Le cinquième disque est consacré en partie à la collaboration de Poulenc avec le dramaturge Jean Anouilh, dont deux volets sont ici proposés. L’Invitation au voyage est une comédie créée en novembre 1957 ; la pièce connaît tout de suite un vif succès en raison de son intrigue échevelée dont Poulenc traduit bien l’esprit 1900 par le biais d’une clarinette, d’un violon et d’un piano. Comme l’écrit Hervé Lacombe dans la biographie qu’il consacre au compositeur (Paris, Fayard, 2013, p. 606) : « Musique d’un temps qui n’est plus, musique qui coule avec une aisance déconcertante, musique s’abandonnant au style libidinal du compositeur, avec ses langueurs, ses tournures canailles et ses parfums érotiques, musique mélancolique [..]. Associée au piano de Tharaud et au violon de Thibaut Vieux, la clarinette de Ronald Van Spaendonck apporte un charme certain à ces jeux théâtraux, exquisément surannés. L’idée un moment évoquée par Anouilh et Poulenc de transformer L’Invitation au château en opéra bouffe ne trouvera pas de concrétisation. Une autre musique de scène pour Anouilh, Léocadia, avait été créée au Théâtre de la Michodière en pleine guerre, en décembre 1940. Cette comédie, une histoire d’amour dans laquelle intervient une cantatrice, avait vu Pierre Fresnay et Yvonne Printemps tenir les rôles principaux. Cette délicieuse soprano y chantait, avec son charme incomparable, la célèbre Valse des chemins de l’amour, confiée ici à Danielle Darrieux (1917-2017) qui propose, à 80 ans, trois minutes incroyables de séduction spontanée. Un vrai petit bijou ! Pour Léocadia, l’effectif de L’Invitation au château se complète d’un basson (Laurent Lefèvre) et d’une contrebasse (Stéphane Logerot). Le charme agit complètement… Il agit aussi dans les deux versions de L’Histoire de Babar, le petit éléphant, un conte pour enfants d’après l’auteur-illustrateur Jean de Brunhoff. Composée pendant la Seconde Guerre mondiale, cette partition dédiée à onze enfants, petits cousins de Poulenc et leurs amis, comprend berceuse, rêverie, improvisation et autres figures de style. Elle est confiée à deux narrateurs, une version en français par François Mouzaya (12 ans), l’autre en anglais par Natasha Emerson (13 ans), fille du preneur de son. Alexandre Tharaud offre à chaque interprète juvénile l’occasion de montrer son talent, plus affirmé chez le garçon, sous une forme plus onctueuse chez la jeune fille. Ces deux versions, fraîches et malicieuses, sont à (re)découvrir.

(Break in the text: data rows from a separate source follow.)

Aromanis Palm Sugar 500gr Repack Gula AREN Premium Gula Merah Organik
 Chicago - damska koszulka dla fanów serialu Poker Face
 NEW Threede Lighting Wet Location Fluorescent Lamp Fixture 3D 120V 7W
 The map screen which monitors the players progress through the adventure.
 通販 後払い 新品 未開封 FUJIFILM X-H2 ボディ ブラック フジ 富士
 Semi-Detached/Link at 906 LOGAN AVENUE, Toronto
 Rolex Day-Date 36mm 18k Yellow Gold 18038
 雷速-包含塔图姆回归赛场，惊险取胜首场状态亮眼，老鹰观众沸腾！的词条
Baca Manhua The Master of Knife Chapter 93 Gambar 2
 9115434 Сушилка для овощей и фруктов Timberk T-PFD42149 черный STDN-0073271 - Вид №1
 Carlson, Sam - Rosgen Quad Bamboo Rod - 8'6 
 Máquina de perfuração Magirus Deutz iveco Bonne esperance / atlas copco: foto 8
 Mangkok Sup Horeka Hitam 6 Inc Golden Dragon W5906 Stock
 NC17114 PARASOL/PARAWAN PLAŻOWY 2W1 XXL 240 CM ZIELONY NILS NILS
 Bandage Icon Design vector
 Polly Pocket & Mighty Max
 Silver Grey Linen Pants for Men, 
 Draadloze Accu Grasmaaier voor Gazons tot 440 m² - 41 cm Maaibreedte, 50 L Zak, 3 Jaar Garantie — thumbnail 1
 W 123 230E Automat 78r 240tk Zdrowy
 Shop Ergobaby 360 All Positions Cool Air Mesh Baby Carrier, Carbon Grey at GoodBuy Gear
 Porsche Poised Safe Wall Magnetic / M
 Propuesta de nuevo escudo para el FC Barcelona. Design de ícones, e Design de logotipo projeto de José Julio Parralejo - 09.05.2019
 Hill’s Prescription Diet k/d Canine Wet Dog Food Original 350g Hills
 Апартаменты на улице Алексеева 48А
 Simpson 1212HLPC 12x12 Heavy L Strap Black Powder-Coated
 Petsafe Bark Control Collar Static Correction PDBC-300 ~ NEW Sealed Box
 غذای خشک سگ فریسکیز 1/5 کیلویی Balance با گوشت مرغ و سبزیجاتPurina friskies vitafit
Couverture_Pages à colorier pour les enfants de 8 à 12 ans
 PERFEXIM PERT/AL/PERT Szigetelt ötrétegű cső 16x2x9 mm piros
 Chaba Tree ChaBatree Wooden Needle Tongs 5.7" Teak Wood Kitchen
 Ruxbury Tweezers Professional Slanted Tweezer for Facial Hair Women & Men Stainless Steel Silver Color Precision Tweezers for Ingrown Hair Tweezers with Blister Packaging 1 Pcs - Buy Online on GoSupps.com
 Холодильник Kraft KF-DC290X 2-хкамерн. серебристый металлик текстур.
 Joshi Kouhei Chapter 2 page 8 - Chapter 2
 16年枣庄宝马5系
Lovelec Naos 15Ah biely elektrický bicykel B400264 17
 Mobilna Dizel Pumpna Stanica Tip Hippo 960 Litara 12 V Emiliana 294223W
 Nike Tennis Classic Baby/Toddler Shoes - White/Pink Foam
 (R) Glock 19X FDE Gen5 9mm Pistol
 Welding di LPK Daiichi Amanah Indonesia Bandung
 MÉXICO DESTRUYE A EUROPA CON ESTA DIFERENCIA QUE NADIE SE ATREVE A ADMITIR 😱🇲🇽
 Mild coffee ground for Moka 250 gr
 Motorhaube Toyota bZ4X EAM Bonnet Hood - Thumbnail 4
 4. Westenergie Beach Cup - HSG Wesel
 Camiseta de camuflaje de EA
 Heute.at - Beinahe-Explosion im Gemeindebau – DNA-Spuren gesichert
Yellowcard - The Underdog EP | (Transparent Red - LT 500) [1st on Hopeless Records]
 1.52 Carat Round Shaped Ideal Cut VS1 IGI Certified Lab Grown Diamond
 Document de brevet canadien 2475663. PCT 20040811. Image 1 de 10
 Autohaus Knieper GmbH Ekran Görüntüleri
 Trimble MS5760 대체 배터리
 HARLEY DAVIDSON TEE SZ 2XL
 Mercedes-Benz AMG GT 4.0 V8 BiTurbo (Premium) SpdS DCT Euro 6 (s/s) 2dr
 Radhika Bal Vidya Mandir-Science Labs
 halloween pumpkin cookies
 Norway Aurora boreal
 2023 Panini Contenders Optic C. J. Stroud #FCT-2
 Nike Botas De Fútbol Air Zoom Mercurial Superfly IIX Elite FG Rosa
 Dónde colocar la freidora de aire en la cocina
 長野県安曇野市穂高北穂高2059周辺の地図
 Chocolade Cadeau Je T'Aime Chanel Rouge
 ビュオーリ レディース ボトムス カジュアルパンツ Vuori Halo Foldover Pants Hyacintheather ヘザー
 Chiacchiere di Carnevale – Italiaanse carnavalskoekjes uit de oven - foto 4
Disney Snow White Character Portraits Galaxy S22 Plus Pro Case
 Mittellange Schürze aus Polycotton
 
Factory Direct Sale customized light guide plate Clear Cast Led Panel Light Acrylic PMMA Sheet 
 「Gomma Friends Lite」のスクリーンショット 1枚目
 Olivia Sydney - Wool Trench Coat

D’autres pianistes ont été les maîtres d’œuvre d’anthologies dédiées à Francis Poulenc. Ce fut le cas notamment pour Jacques Février et Gabriel Tacchino (EMI, réédition en 2012 dans un gros coffret de 20 CD), Eric Le Sage (RCA, 2000) ou Matteo Fossi (Brilliant, 2017). Ils sont tous à prendre en considération, œuvrant dans l’esprit de ce compositeur dont l’inspiration jaillissante invite à la convivialité, mais Alexandre Tharaud mérite bien de figurer parmi ceux auxquels on accordera un intérêt de premier rayon.